EXERCISE DESCRIPTION =
Your answer should be the lines from the one with "Camisa Manga Larga" to the end of the data below, both included, exact and free of pictures.

STORED DATA =

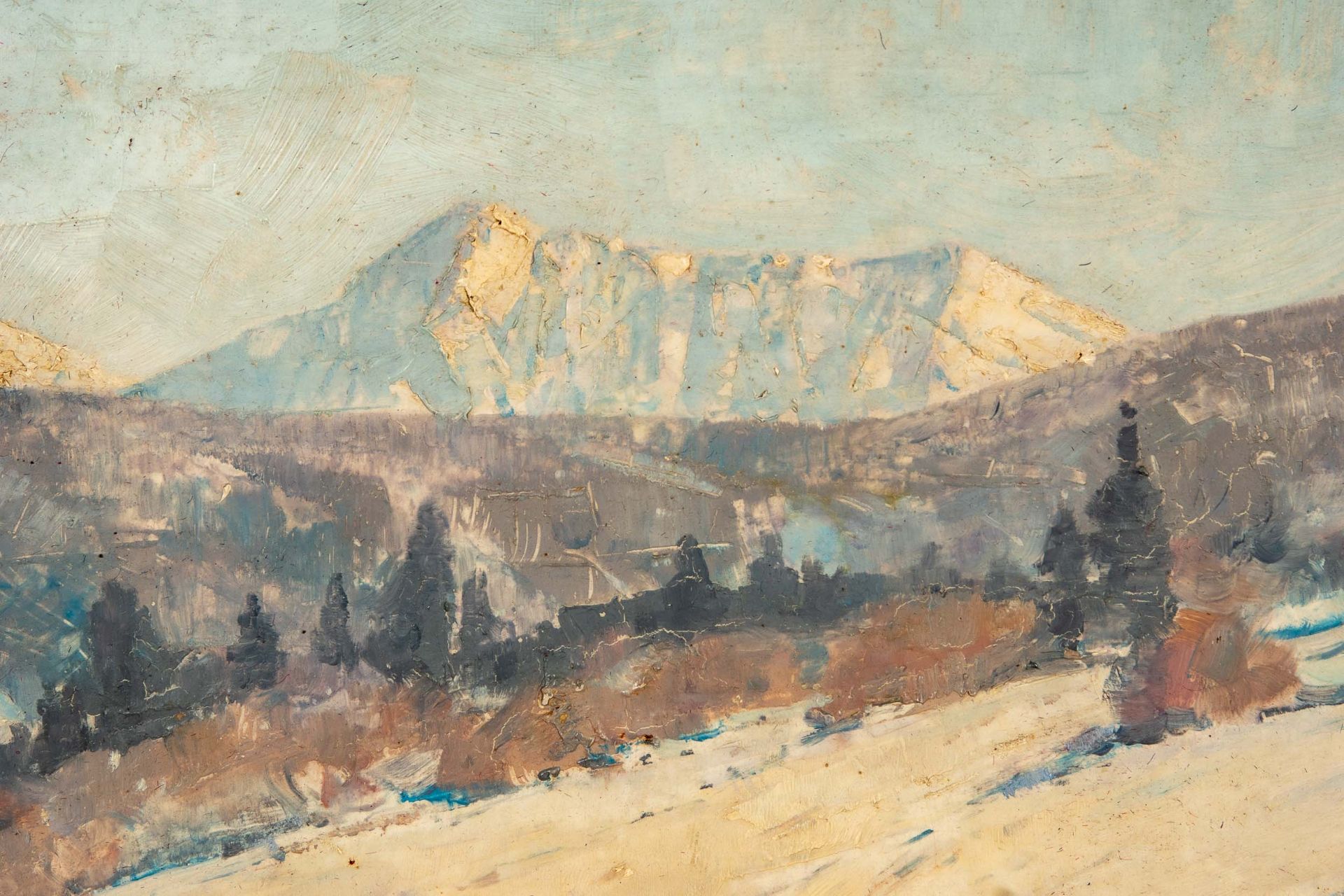 "Alpine Schneelandschaft", Öl auf Schichtholzplatte, unten links sign.: Jos. Uhl, 1932 datiert. Jos - Image 4 of 10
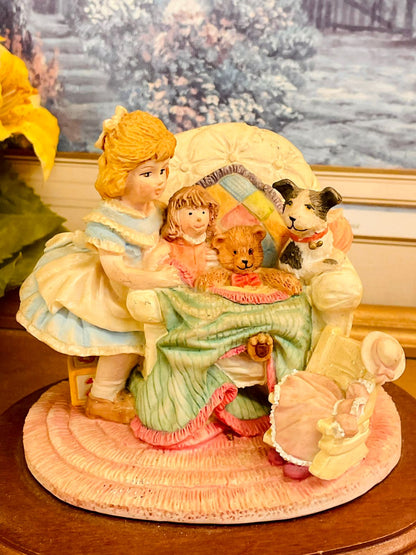 Vintage Leonardo Collection Figurine – Girl with Doll, Teddy & Dog Scene on Wooden Base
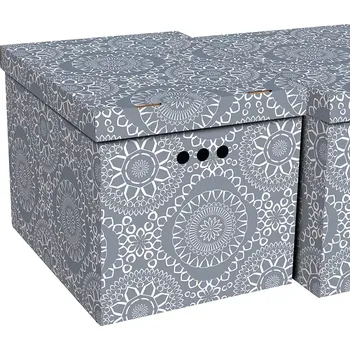 Úložný box Dekorativní krabice Maroko šedé, morocco XL úložný box, velikost 42x32x32cm (Krabice Global Home je vyrobena z pevné lepenky a hodí se ideálně k přechovávání různých předmětů jako je oblečení, hračky, knihy a jiné drobnosti. Díky dekorativnímu potisku můž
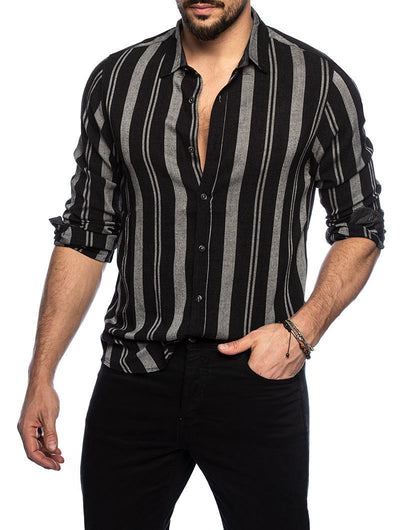 Camisa Manga Larga Slim Fit a Rayas Multicolor con Solapa para Hombre - Image 11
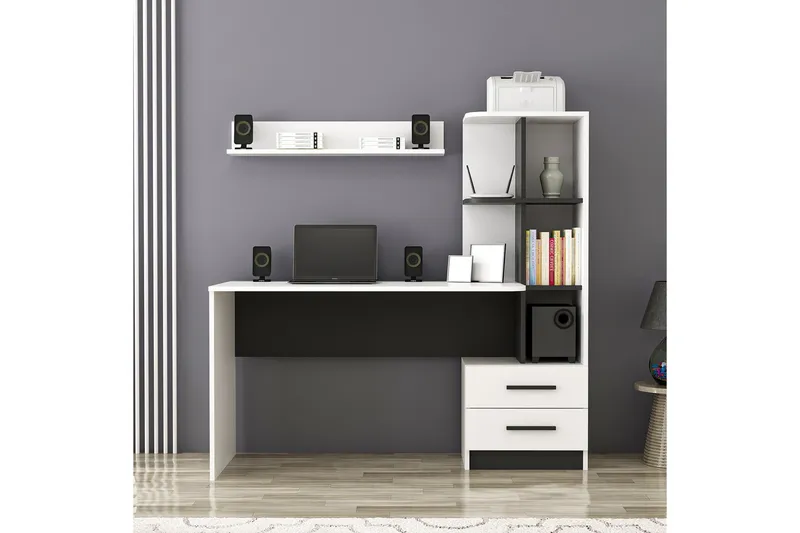 Puijas Skrivebord 120 cm med Oppbevaring Skuff+Hyller+Vegghy, Hvit/Svart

ANSWER SPACE =
 Camisa Manga Larga Slim Fit a Rayas Multicolor con Solapa para Hombre - Image 11
 Puijas Skrivebord 120 cm med Oppbevaring Skuff+Hyller+Vegghy, Hvit/Svart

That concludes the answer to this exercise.